U.S. Charges 4 in Multi-Million Dollar Crypto Pyramid Scheme

News

“I’m the boss of the pyramid scammers, right?” the Brazilian ‘Bitcoin Sheik’ boasted in a private video released to media by investigators.

December 19th, 2022

The sheik, whose real name is Francisley Valdevino da Silva, was charged Wednesday for his role in a “fake crypto asset trading and mining company” along with three of his associates, who raised more than US$8.4 million from investors throughout the U.S. and other countries, the U.S Securities and Exchange Commission (SEC) said in a news release.

The SEC action is just the latest move against Silva. In early October, police raided 20 locations throughout Brazil and seized luxury goods including cars, watches, gold bars and cash in a joint operation between Brazil, the U.S. Immigration and Customs Enforcement, and Homeland Security Investigation in New York and Florida.
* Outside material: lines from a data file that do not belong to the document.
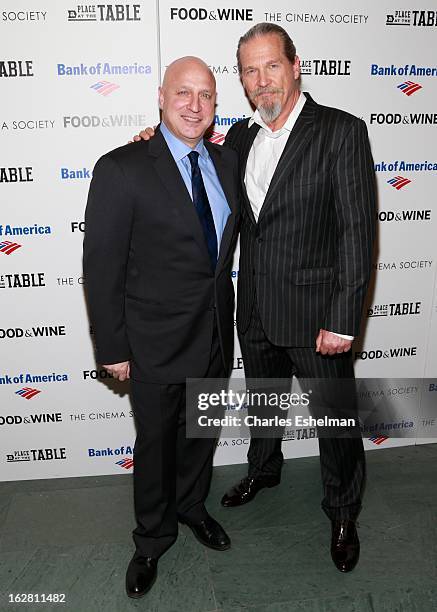 Chef Tom Colicchio and actor Jeff Bridges arrive at Bank of America and Food & Wine with The Cinema Society present a screening of "A Place at the...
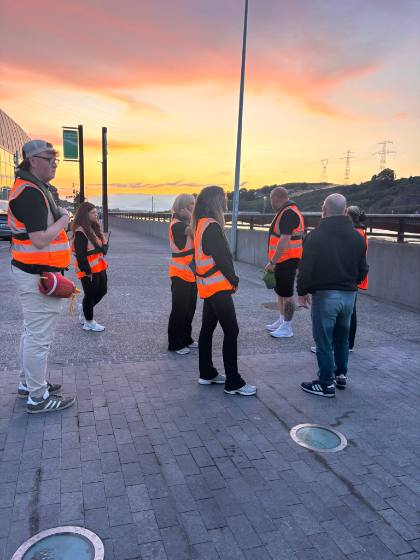 The team gathered on the Greenway at sunset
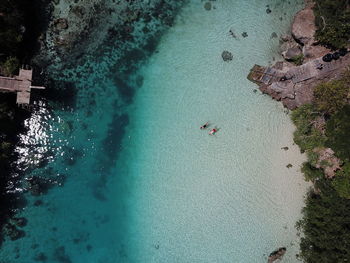 Aerial view of people swimming in sea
As a consequence of that raid, Silva was ordered to stay away from his associates. When he failed to do so, he was arrested on Nov. 3 and has remained in custody since.

The self-proclaimed scammer boss is believed to have stolen as much as $800 million from numerous investors world-wide since 2016, working first out of the U.S. and then shifting operations to Brazil. In January of 2022, U.S. and Brazilian authorities began coordinating efforts to track his activities in Brazil, where he allegedly set up at least 85 companies.

According to the SEC’s complaint, Silva and three of his aides created and promoted Forcount Trader Systems, Inc., a fraudulent crypto asset pyramid scheme that “enticed and defrauded” hundreds of investors out of millions of dollars between July 2017 to at least November 2020, “with the promise of guaranteed returns resulting from investments in memberships.”

The alleged “memberships” purportedly gave investors an “interest in profits from Forcount’s supposed crypto asset trading and mining operations,” the complaint said. However, the suspects “knew or were reckless in not knowing that the company had no crypto asset trading and mining operations.”

According to the complaint, Silva and his U.S.-based promoters Juan Antonio Tacuri Fajardo, Ramon Antonio Perez Arias, and Jose Ramiro Coronado Reyes held events regularly in hotel conference rooms or online to attract investors. On these occasions, the alleged scammers promised returns of 0.5 percent up to 3 percent per business day, for an annual return of up to 780 percent.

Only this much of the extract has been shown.